An exemplar decision of this kind was announced on Saturday, 10th September 1966 when the then Minister for Education, Donogh O’Malley, an NUI Galway (University College Galway) graduate, declared that secondary education would henceforth be free in an unprecedented announcement directly to the media. His famous (and famously unauthorised) speech, roughly 10 minutes long, signalled the introduction of free secondary education in Ireland. It was a truly remarkable moment, not only in our educational history but in the historical narrative of the Irish State, which was that year celebrating the first half-century of the Proclamation of the Irish Republic. He may have said to the media that day that he was not a radical, but his announcement effected a radical change in educational opportunity in Ireland, then and to this day.

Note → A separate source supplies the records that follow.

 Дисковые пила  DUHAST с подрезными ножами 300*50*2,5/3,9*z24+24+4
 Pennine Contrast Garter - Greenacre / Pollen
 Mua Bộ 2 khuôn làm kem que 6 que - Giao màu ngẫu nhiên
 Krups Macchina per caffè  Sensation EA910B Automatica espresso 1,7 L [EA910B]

Free secondary schooling, with its free bus/school transportation network, book scheme and funds for building schools, changed utterly Irish education. As Prof Dermot Keogh has noted, ‘Free education was liberation for an entire generation of Irish school children, and successive generations’. The broadcaster, Joe Duffy, in the brilliant RTÉ documentary, The Classroom Divide (2019), likened free education to a ‘miracle’, which enabled him to go on from primary to secondary education, from where he would go on to university.

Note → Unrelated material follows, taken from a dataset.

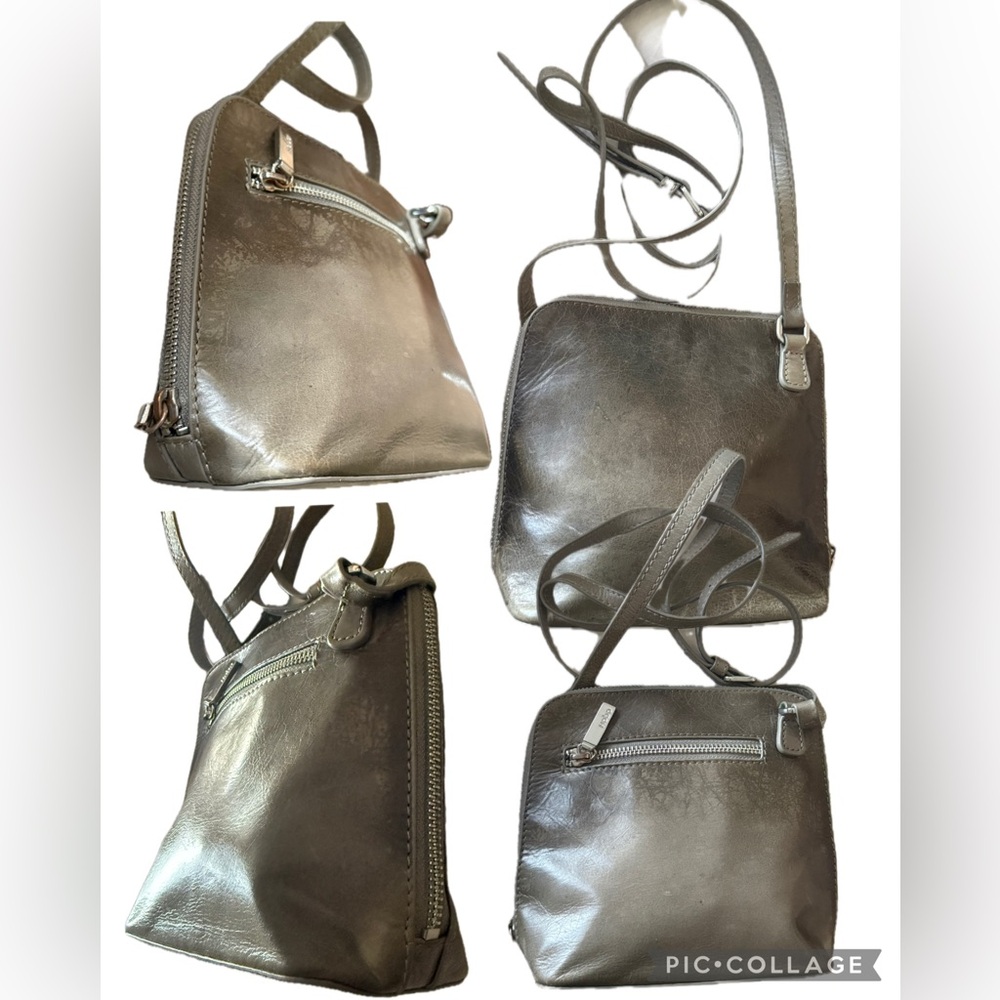 Small HOBO International crossbody satchel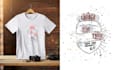 provide high res halloween tshirt design for printing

In more recent times, the reform of the Junior Cycle in the last decade has shown us what is possible in successfully redesigning assessment, as a major step forward in making education more engaging and inclusive for more young people in our schools. For example, the Classroom Based Assessments (CBAs), a central part of the new Junior Cycle assessment process, enable pupils and teachers to devise school-based assessment that aligns with learners’ interests and talents, while helping pupils to develop key skills, such as research competence and numeracy, digital literacy and oracy, which will benefit them in school, university and the world beyond.